Note that you need to defuse your own bomb. Your submission might be ignored if the bomb isn’t yours. Please double check when you download the bomb.
• gdb
The GNU debugger, this is a command line debugger tool available on virtually every platform. You can trace through a program line by line, examine memory and registers, look at both the source code and assembly code (we are not giving you the source code for most of your bomb), set breakpoints, set memory watch points, and write scripts. The CS:APP web site
http://csapp.cs.cmu.edu/public/students.html
has a very handy single-page gdb summary that you can print out and use as a reference. Here are some other tips for using gdb.

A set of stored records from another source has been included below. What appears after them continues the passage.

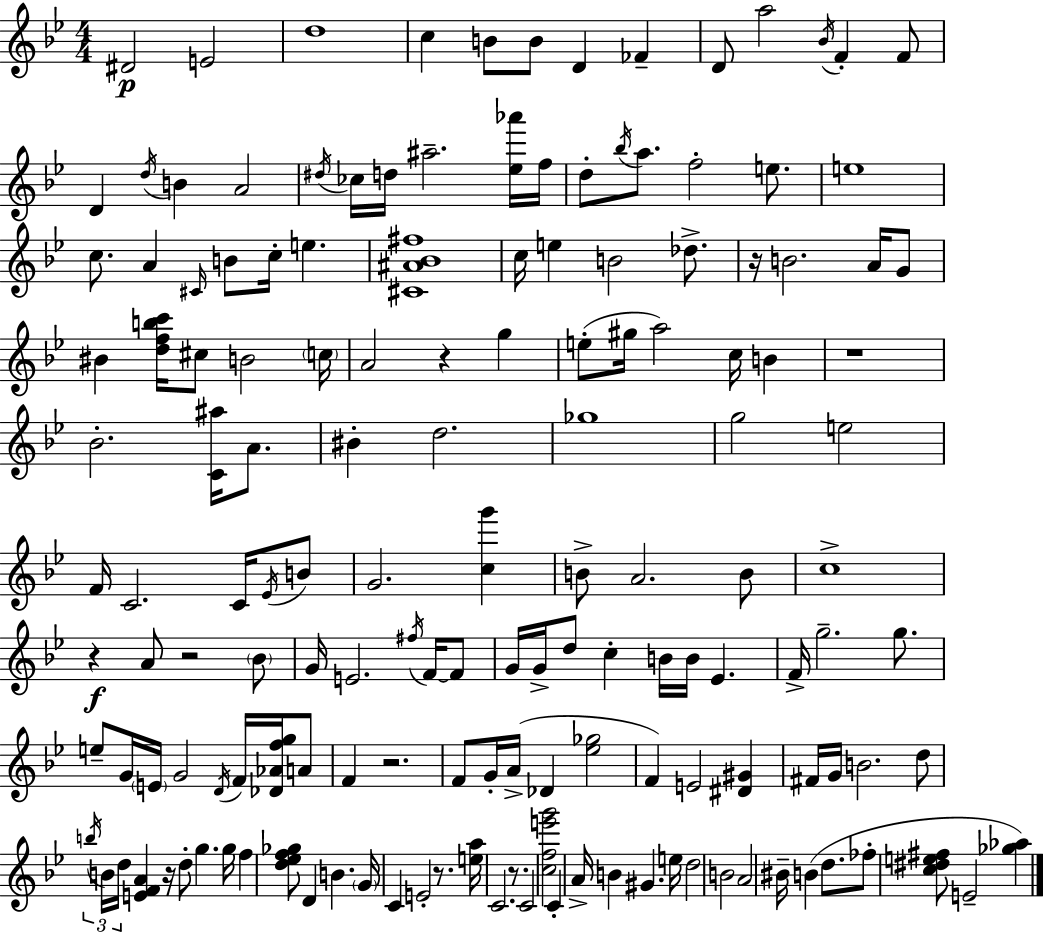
X:1
T:Untitled
M:4/4
L:1/4
K:Gm
^D2 E2 d4 c B/2 B/2 D _F D/2 a2 _B/4 F F/2 D d/4 B A2 ^d/4 _c/4 d/4 ^a2 [_e_a']/4 f/4 d/2 _b/4 a/2 f2 e/2 e4 c/2 A ^C/4 B/2 c/4 e [^C^A_B^f]4 c/4 e B2 _d/2 z/4 B2 A/4 G/2 ^B [dfbc']/4 ^c/2 B2 c/4 A2 z g e/2 ^g/4 a2 c/4 B z4 _B2 [C^a]/4 A/2 ^B d2 _g4 g2 e2 F/4 C2 C/4 _E/4 B/2 G2 [cg'] B/2 A2 B/2 c4 z A/2 z2 _B/2 G/4 E2 ^f/4 F/4 F/2 G/4 G/4 d/2 c B/4 B/4 _E F/4 g2 g/2 e/2 G/4 E/4 G2 D/4 F/4 [_D_Afg]/4 A/2 F z2 F/2 G/4 A/4 _D [_e_g]2 F E2 [^D^G] ^F/4 G/4 B2 d/2 b/4 B/4 d/4 [EFA] z/4 d/2 g g/4 f [d_ef_g]/2 D B G/4 C E2 z/2 [ea]/4 C2 z/2 C2 [cfe'g']2 C A/4 B ^G e/4 d2 B2 A2 ^B/4 B d/2 _f/2 [c^de^f]/2 E2 [_g_a]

– To keep the bomb from blowing up every time you type in a wrong input, you’ll want to learn how to set breakpoints.
– For online documentation, type “help” at the gdb command prompt, or type “man gdb”, or “info gdb” at a Unix prompt. Some people also like to run gdb under gdb-mode in emacs.
• objdump -t
• objdump -d
Use this to disassemble all of the code in the bomb. You can also just look at individual functions. Reading the assembler code can tell you how the bomb works.
Although objdump -d gives you a lot of information, it doesn’t tell you the whole story. Calls to system-level functions are displayed in a cryptic form. For example, a call to sscanf might appear as:
8048c36: e8 99 fc ff ff call 80488d4 <_init+0x1a0>
To determine that the call was to sscanf, you would need to disassemble within gdb.
• strings
This utility will display the printable strings in your bomb.